When the training set is too big, using a k-fold split may be too slow. For this cases, we have wrappers.HoldoutStackableTransformer. This strategy splits the data into two sets: training and holdout. The models are trained using the training set and outputs predictions for the holdout set. This means we’ll have fewer rows to train the subsequent layers. See the following example:

>>> import numpy as np
>>> from wolpert.wrappers import HoldoutStackableTransformer
>>> from sklearn.linear_model import LogisticRegression
>>> X = np.asarray([[1, 2], [3, 4], [5, 6], [7, 8], [9, 10]])
>>> y = np.asarray([0, 1, 0, 1, 1])
>>> wrapped_clf = HoldoutStackableTransformer(LogisticRegression(random_state=1),
...                                           holdout_size=.5)
>>> wrapped_clf.fit_blend(X, y)  
 (array([[0.34674758, 0.65325242],
         [0.0649691 , 0.9350309 ],
         [0.21229721, 0.78770279]]),
  array([1, 4, 2]))

As you can see from the indexes array, only predictions for rows 1, 2 and 4 were returned on the transformed data set. This will be faster than wrappers.CVStackableTransformer and, if fit_to_all_data is set to False, train and test sets will come from the same probability distribution.

Stacking with time series

When dealing with time series data, extra care must be taken to avoid leakages. wrappers.TimeSeriesStackableTransformer handles part of this issue by making splits that never violate the original ordering of the data or, in other words, indexes on the training set will always be smaller than indexes on the test set for all splits.

It works by walking in an ascending order, growing the training set on each split and predicting on the data after the training set. It’s almost the same as sklearn’s TimeSeriesSplit, but with some knobs that we found more useful. Here’s an example:

>>> import numpy as np
>>> from wolpert.wrappers import TimeSeriesStackableTransformer
>>> from sklearn.linear_model import LogisticRegression
>>> X = np.asarray([[1, 2], [3, 4], [5, 6], [7, 8], [9, 10]])
>>> y = np.asarray([0, 1, 0, 1, 1])
>>> wrapped_clf = TimeSeriesStackableTransformer(LogisticRegression(random_state=1),
...                                              min_train_size=2)
>>> wrapped_clf.fit_blend(X, y)  
 (array([[0.15981917, 0.84018083],
         [0.74725218, 0.25274782],
         [0.26388084, 0.73611916]]),
  array([2, 3, 4]))

These were the splits used to generate the blended data set:

  1. Train on indexes 0 and 1, predict for index 2;
  2. Train on indexes 0, 1 and 2, predict for index 3.

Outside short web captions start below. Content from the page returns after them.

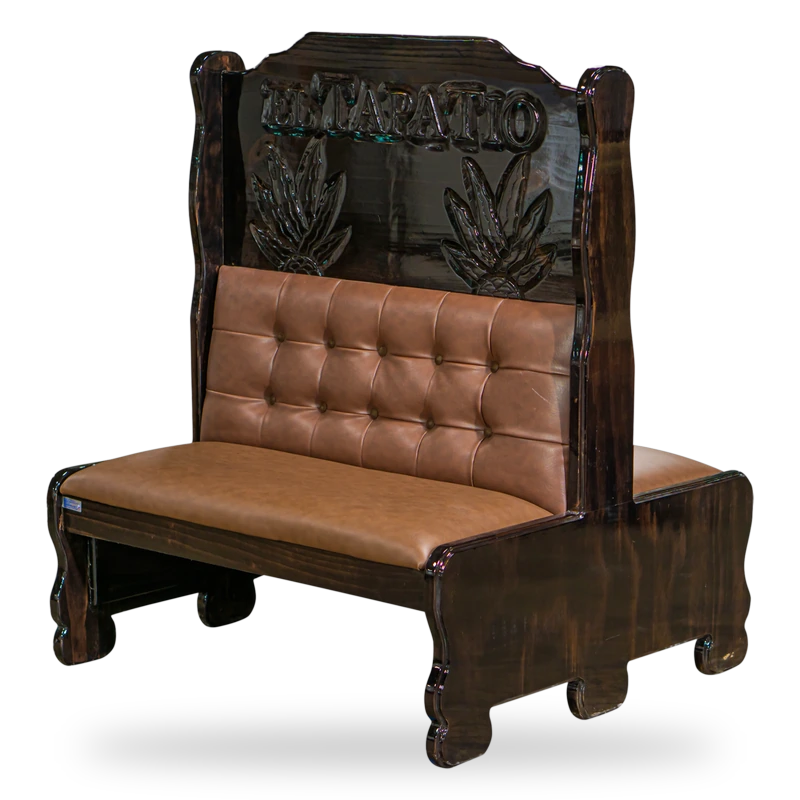 Booth Rustico para Restaurantes Mexicanos - Catálogo MF Imports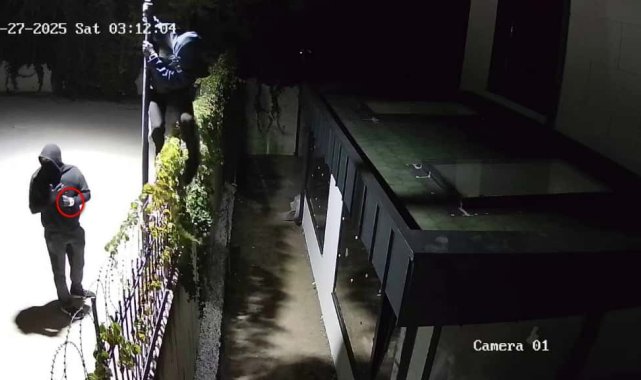 Bir gün önce eşya taşıdığı villadaki kasayı çaldı, kolundaki saatten yakalandı: 3 tutuklama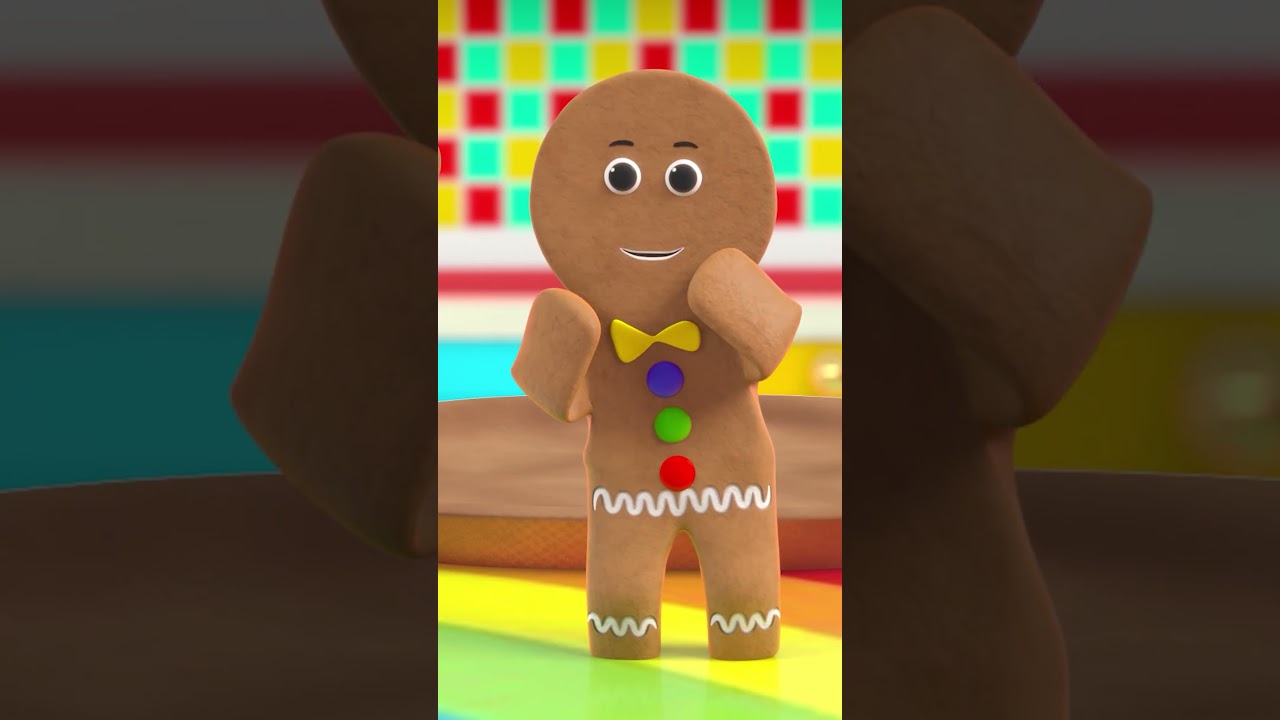 Песенка про пряничного человечка 🍪 | Классическая детская сказка |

This resembles the leave-one-out cross validation, but wrappers.TimeSeriesStackableTransformer provides other options, so make sure to check its documentation. For example, to make a blended dataset that resembles leave-p-out cross-validation, all you have to do is change the wrappers.TimeSeriesStackableTransformer.test_set_size:

>>> import numpy as np
>>> from wolpert.wrappers import TimeSeriesStackableTransformer
>>> from sklearn.linear_model import LogisticRegression
>>> X = np.asarray([[1, 2], [3, 4], [5, 6], [7, 8], [9, 10], [11, 12]])
>>> y = np.asarray([0, 1, 0, 1, 1, 0])
>>> wrapped_clf = TimeSeriesStackableTransformer(LogisticRegression(random_state=1),
...                                              min_train_size=2,
...                                              test_set_size=2)
>>> wrapped_clf.fit_blend(X, y)  
 (array([[0.15981917, 0.84018083],
         [0.08292124, 0.91707876],
         [0.26388084, 0.73611916],
         [0.20981736, 0.79018264]]),
  array([2, 3, 4, 5]))

Note

Notice that in the last example the last sample was dropped from the transformed data. This is because, when the remaining samples are not enough to satisfy the test set size constraint, they are dropped.